# MATERIAL TO PROCESS:
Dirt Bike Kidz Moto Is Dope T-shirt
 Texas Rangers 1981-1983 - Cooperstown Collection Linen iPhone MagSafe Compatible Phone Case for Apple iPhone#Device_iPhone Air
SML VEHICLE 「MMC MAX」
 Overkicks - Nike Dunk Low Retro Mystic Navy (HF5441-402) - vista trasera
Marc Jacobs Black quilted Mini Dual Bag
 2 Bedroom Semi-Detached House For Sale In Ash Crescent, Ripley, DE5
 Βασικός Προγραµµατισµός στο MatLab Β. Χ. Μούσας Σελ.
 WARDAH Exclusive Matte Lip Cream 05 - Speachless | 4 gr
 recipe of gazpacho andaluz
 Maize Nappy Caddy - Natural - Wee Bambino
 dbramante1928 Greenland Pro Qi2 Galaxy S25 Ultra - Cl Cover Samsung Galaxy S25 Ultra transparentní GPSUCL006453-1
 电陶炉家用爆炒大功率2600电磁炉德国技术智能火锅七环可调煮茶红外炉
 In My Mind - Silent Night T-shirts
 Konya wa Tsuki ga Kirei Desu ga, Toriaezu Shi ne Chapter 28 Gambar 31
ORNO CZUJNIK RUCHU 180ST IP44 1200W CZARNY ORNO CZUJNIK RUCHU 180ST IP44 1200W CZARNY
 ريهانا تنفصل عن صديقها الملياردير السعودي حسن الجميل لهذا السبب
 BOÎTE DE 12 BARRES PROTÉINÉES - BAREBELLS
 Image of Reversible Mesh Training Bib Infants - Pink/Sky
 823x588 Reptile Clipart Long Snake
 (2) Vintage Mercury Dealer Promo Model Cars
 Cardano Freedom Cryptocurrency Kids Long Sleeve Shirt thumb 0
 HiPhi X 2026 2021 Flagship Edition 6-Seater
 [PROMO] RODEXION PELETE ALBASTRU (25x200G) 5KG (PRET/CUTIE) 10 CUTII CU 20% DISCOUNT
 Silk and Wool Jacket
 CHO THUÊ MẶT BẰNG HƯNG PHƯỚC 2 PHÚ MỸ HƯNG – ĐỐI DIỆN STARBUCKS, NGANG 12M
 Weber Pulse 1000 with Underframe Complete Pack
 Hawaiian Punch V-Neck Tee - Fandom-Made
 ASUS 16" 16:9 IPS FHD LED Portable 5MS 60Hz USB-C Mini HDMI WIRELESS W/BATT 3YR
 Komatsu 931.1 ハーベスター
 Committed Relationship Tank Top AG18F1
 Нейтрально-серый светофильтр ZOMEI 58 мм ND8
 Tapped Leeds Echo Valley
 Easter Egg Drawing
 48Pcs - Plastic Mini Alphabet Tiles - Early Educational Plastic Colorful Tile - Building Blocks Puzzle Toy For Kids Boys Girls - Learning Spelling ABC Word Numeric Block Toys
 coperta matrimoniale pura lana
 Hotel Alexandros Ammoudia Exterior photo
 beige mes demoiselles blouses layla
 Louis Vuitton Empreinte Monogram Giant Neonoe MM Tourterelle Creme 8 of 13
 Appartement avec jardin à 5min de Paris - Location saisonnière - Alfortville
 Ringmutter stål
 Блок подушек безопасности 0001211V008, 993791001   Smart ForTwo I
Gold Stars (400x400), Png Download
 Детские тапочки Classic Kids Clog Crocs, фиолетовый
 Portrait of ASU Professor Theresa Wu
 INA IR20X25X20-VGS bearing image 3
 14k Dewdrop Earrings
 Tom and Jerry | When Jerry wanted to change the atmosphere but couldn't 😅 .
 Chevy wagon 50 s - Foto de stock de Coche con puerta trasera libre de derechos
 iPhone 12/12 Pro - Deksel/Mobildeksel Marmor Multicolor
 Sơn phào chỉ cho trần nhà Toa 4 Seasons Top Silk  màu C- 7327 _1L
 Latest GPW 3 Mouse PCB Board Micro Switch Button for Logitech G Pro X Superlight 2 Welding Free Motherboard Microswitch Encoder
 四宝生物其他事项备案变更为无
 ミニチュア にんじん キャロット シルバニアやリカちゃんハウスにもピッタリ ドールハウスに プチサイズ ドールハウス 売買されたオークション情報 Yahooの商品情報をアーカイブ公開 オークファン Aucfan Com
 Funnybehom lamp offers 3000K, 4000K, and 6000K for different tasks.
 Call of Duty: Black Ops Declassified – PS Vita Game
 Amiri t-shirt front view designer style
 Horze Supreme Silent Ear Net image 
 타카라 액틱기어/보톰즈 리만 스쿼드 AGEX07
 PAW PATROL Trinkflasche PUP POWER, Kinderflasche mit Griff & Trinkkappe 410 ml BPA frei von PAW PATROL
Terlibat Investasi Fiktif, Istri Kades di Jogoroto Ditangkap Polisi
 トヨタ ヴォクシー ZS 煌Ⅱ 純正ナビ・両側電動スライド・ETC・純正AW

# WORK TO BE COMPLETED:
Start with the first line of the data and print every line exactly. The line containing "Image of Reversible" is the last one to include.

# ANSWER FOR THE TASK:
Dirt Bike Kidz Moto Is Dope T-shirt
 Texas Rangers 1981-1983 - Cooperstown Collection Linen iPhone MagSafe Compatible Phone Case for Apple iPhone#Device_iPhone Air
SML VEHICLE 「MMC MAX」
 Overkicks - Nike Dunk Low Retro Mystic Navy (HF5441-402) - vista trasera
Marc Jacobs Black quilted Mini Dual Bag
 2 Bedroom Semi-Detached House For Sale In Ash Crescent, Ripley, DE5
 Βασικός Προγραµµατισµός στο MatLab Β. Χ. Μούσας Σελ.
 WARDAH Exclusive Matte Lip Cream 05 - Speachless | 4 gr
 recipe of gazpacho andaluz
 Maize Nappy Caddy - Natural - Wee Bambino
 dbramante1928 Greenland Pro Qi2 Galaxy S25 Ultra - Cl Cover Samsung Galaxy S25 Ultra transparentní GPSUCL006453-1
 电陶炉家用爆炒大功率2600电磁炉德国技术智能火锅七环可调煮茶红外炉
 In My Mind - Silent Night T-shirts
 Konya wa Tsuki ga Kirei Desu ga, Toriaezu Shi ne Chapter 28 Gambar 31
ORNO CZUJNIK RUCHU 180ST IP44 1200W CZARNY ORNO CZUJNIK RUCHU 180ST IP44 1200W CZARNY
 ريهانا تنفصل عن صديقها الملياردير السعودي حسن الجميل لهذا السبب
 BOÎTE DE 12 BARRES PROTÉINÉES - BAREBELLS
 Image of Reversible Mesh Training Bib Infants - Pink/Sky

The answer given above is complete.